The Hound’s “demise” remains largely the same, although the script does remind us that the purse Arya grabs off the Hound is the same one he stole from Mortimer the Farmer early in the season. Then she heads off to that horse we don’t see on screen until the final scene.
Back to King’s Landing we go for a little Lannister family drama. After Jaime frees him from prison, Tyrion makes his way in to Tywin’s chambers, “past the Small Council table, where Tywin shamed him many times. Past the desk, where Tywin shamed him many times.”
Tyrion discovers Shae, and their fight ensues. It’s choreographed pretty specifically, and is probably a touch more vicious on paper. “She claws at him with her free hand, ferocious, all the love she once had for him now turned to hatred for the man who betrayed her.”
He strangles her. In the script, he pulls a sheet over her body, “shrouding her,” but that didn’t make it into the episode. Tyrion’s conversation with Tywin remains the same, although there is some neat insight into Tywin’s final thoughts after getting shot while on the toilet. “The pain is shocking, but even more so the realization for Tywin that this is where he will die, sitting on the privy, murdered by his own child.”

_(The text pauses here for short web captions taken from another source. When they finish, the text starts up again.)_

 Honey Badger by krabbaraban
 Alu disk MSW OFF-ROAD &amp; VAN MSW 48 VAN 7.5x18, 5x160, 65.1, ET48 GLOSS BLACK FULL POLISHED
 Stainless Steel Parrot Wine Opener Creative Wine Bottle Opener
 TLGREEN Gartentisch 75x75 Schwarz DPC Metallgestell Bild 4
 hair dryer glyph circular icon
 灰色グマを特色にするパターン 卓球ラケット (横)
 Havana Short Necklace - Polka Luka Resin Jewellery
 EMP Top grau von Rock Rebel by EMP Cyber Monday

Tyrion escapes with Varys — the script lets us know that the box Tyrion hides in is the same one we saw Varys take the captured sorcerer out of in season 3. That’s multi-tasking. Script Tyrion listens to the hammer and nails crack while being secured inside.
In the script, we do not get the ringing of the bells that seems to force Varys aboard the ship. Instead, the script says that Varys “knows it’s time to leave,” even though he’d “grown rather fond of the dirty old town.”
Finally, Arya is back on board that missing pony. Arya secures passage on a ship, and it all ends with this final description:
In a single masterful crane shot that secures the camera operator’s legendary status, we follow Arya as she walks to the bow, gracefully sidestepping the busy sailors.
Oh, and the gilded lady on the ship’s prow is naked in the script. Because it’s Game of Thrones.